| From 29b32839725f8c89a41cb6ee054c85f3116ea8b5 Mon Sep 17 00:00:00 2001 |
| From: Nadav Amit <namit@vmware.com> |
| Date: Wed, 27 Jan 2021 09:53:17 -0800 |
| Subject: iommu/vt-d: Do not use flush-queue when caching-mode is on |
| |
| From: Nadav Amit <namit@vmware.com> |
| |
| commit 29b32839725f8c89a41cb6ee054c85f3116ea8b5 upstream. |
| |
| When an Intel IOMMU is virtualized, and a physical device is |
| passed-through to the VM, changes of the virtual IOMMU need to be |
| propagated to the physical IOMMU. The hypervisor therefore needs to |
| monitor PTE mappings in the IOMMU page-tables.
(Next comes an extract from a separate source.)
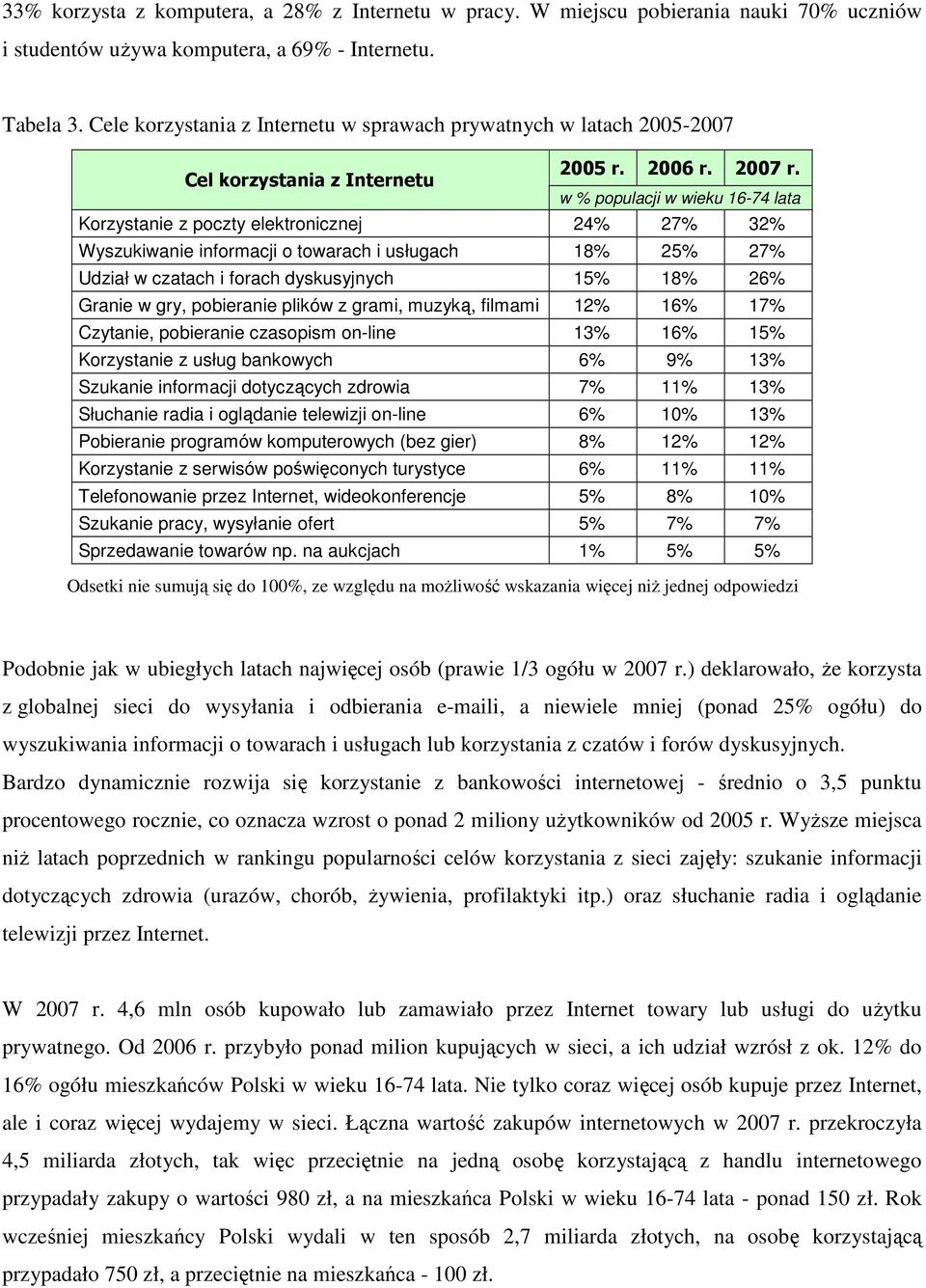 w % populacji w wieku 16-74 lata Korzystanie z poczty elektronicznej 24% 27% 32% Wyszukiwanie informacji o towarach i usługach 1 25% 27% Udział w czatach i forach dyskusyjnych 15% 1 26% Granie w gry,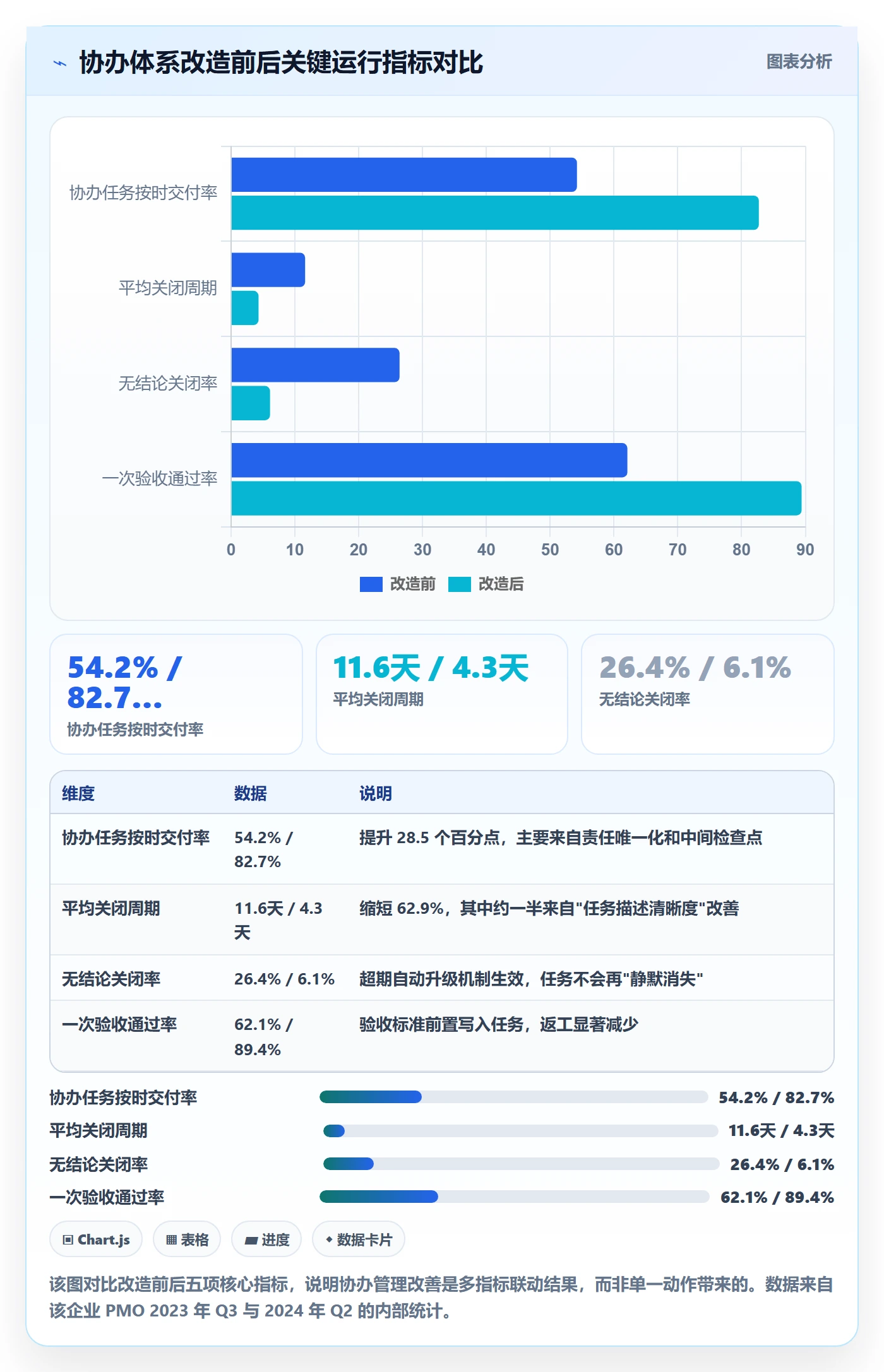 协办最佳实践:PMO任务分派入门指南,常见问题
Intel specifications |
| provide "caching-mode" capability that a virtual IOMMU uses to report |
| that the IOMMU is virtualized and a TLB flush is needed after mapping to |
| allow the hypervisor to propagate virtual IOMMU mappings to the physical |
| IOMMU. To the best of my knowledge no real physical IOMMU reports |
| "caching-mode" as turned on. |
| |
| Synchronizing the virtual and the physical IOMMU tables is expensive if |
| the hypervisor is unaware which PTEs have changed, as the hypervisor is |
| required to walk all the virtualized tables and look for changes. |
| Consequently, domain flushes are much more expensive than page-specific |
| flushes on virtualized IOMMUs with passthrough devices. The kernel |
| therefore exploited the "caching-mode" indication to avoid domain |
| flushing and use page-specific flushing in virtualized environments. See |
| commit 78d5f0f500e6 ("intel-iommu: Avoid global flushes with caching |
| mode.") |
| |
| This behavior changed after commit 13cf01744608 ("iommu/vt-d: Make use |
| of iova deferred flushing"). Now, when batched TLB flushing is used (the |
| default), full TLB domain flushes are performed frequently, requiring |
| the hypervisor to perform expensive synchronization between the virtual |
| TLB and the physical one. |
| |
| Getting batched TLB flushes to use page-specific invalidations again in |
| such circumstances is not easy, since the TLB invalidation scheme |
| assumes that "full" domain TLB flushes are performed for scalability. |
| |
| Disable batched TLB flushes when caching-mode is on, as the performance |
| benefit from using batched TLB invalidations is likely to be much |
| smaller than the overhead of the virtual-to-physical IOMMU page-tables |
| synchronization. |
| |
| Fixes: 13cf01744608 ("iommu/vt-d: Make use of iova deferred flushing") |
| Signed-off-by: Nadav Amit <namit@vmware.com> |
| Cc: David Woodhouse <dwmw2@infradead.org> |
| Cc: Lu Baolu <baolu.lu@linux.intel.com> |
| Cc: Joerg Roedel <joro@8bytes.org> |
| Cc: Will Deacon <will@kernel.org> |
| Cc: stable@vger.kernel.org |
| Acked-by: Lu Baolu <baolu.lu@linux.intel.com> |
| Link: https://lore.kernel.org/r/20210127175317.1600473-1-namit@vmware.com |
| Signed-off-by: Joerg Roedel <jroedel@suse.de> |
| Signed-off-by: Greg Kroah-Hartman <gregkh@linuxfoundation.org> |
| |
| --- |
| drivers/iommu/intel/iommu.c | 5 +++++ |
| 1 file changed, 5 insertions(+) |
| |
| --- a/drivers/iommu/intel/iommu.c |
| +++ b/drivers/iommu/intel/iommu.c |
| @@ -3350,6 +3350,11 @@ static int __init init_dmars(void) |
| |
| if (!ecap_pass_through(iommu->ecap)) |
| hw_pass_through = 0; |
| + |
| + if (!intel_iommu_strict && cap_caching_mode(iommu->cap)) { |
| + pr_warn("Disable batched IOTLB flush due to virtualization"); |
| + intel_iommu_strict = 1; |
| + } |
| intel_svm_check(iommu); |
| } |
| |